Quantum entanglement of XY-type spin dimers on Shastry-Sutherland lattice

The 2D Shastry–Sutherland materials have provided paradigmatic examples of a variety of exotic states of matter arising from their distinctive arrangement of spin dimers. Exotic magnetic states such as quantum spin liquids (QSLs) and plaquette-singlet states have been proposed to explain the fractionalized magnetization plateaux. These states have produced a rich phase diagram that serves as an important roadmap for discovering emerging new theories.
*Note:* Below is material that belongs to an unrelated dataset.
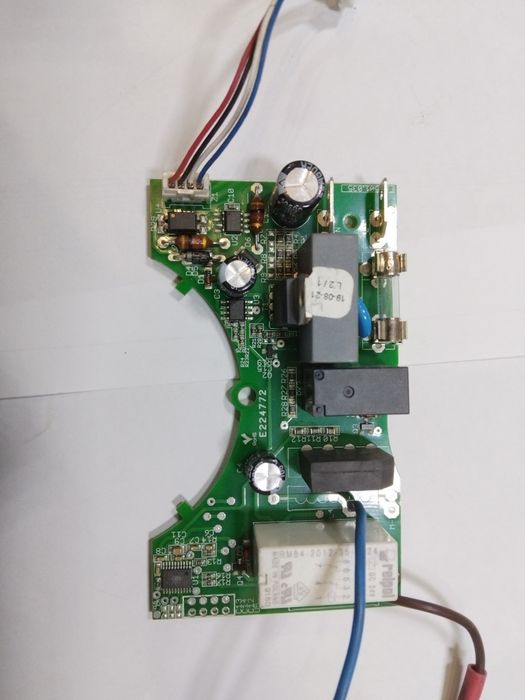 Плата управління для м'ясорубки Bosch 12014073 FW3501.035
So far, all known Shastry–Sutherland systems exhibit either Heisenberg- or Ising-type exchange interactions. In this talk, I will present experimental data and theoretical simulations on two rare-earth Shastry–Sutherland materials, BaCe₂ZnS₅[1] and Yb₂Be₂SiO₇[2], that exhibit anisotropic XY-type interactions. Through fitting neutron spectroscopy and thermodynamic data, we were able to exactly solve the ground state of these rare-earth Shastry–Sutherland systems and reveal an unusual, ferromagnetically entangled ground state that does not fall into the traditional singlet-triplet picture. The entangled ground state also suggests that a quantum phase transition can be induced through an applied magnetic field, allowing the system to enter a more complex, interactive regime.